The second algorithm implemented in the software is a cross-correlation algorithm. Similar to the matched filter, it involves extracting a 16 by 16 pixel sub-image containing the star in ques-tion. The algorithm takes the FFT of the data and cross-correlates with the FFT of a Gaussian PSF. A paraboloid is then fitted to the peak of the cross-correlation result, producing a (pixel, line) center solution for the star.

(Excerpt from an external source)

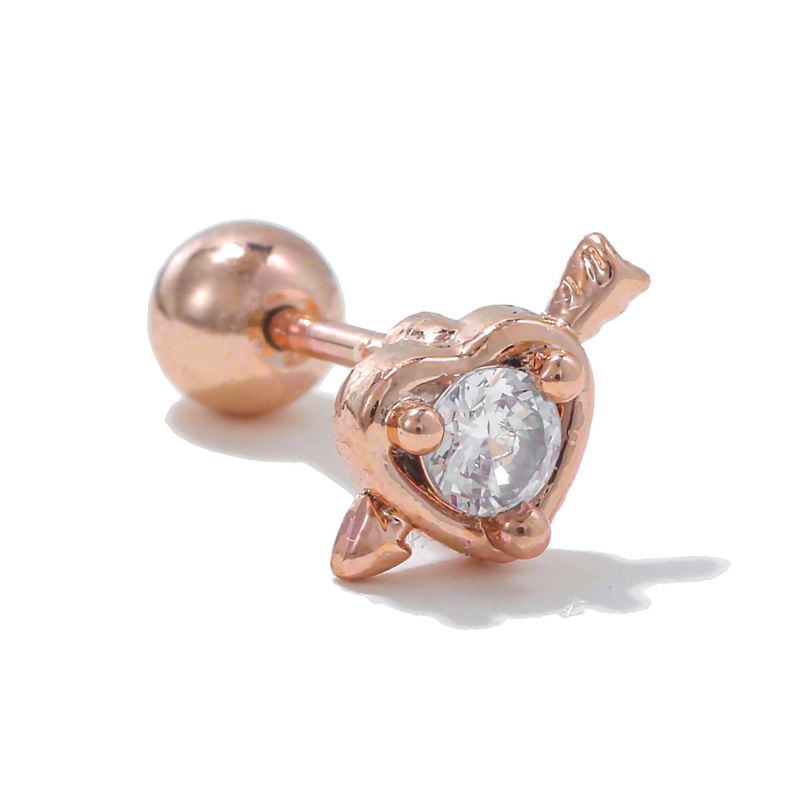 Fashion 18# Copper Diamond-encrusted Geometric Piercing Nails (single)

Figure 6 shows the Gaussian model function on the left and on the right the extracted area containing the same star with the unknown center as in Figure 4. Figure 7 shows the cross-correlation result and the fitted paraboloid. The (pixel, line) center for the star in the 16 by 16 pixel sub-array is (8.35, 10.70). Like the matched filter, the cross-correlation algorithm has prov-en useful for generating an initial guess for the center of the star. This algorithm, however, does not appear to be as robust as the matched-filter algorithm in pulling a weak signal (i.e., a dim star) out of the noise.

Figure 6. Left: the Gaussian model function for the cross-correlation. Right: the extracted sub-image containing star of unknown center. The axes represent increasing pixel and line in the sub-array and

the bar represents the linear color scaling [DN].

Figure 7. Left: the result from the cross-correlation algorithm using the model and data in Figure 6. Right: the paraboloid used to fit the cross-correlation result. The axes represent increasing pixel and

line in the sub-array and the bar represents the linear color scaling of the function.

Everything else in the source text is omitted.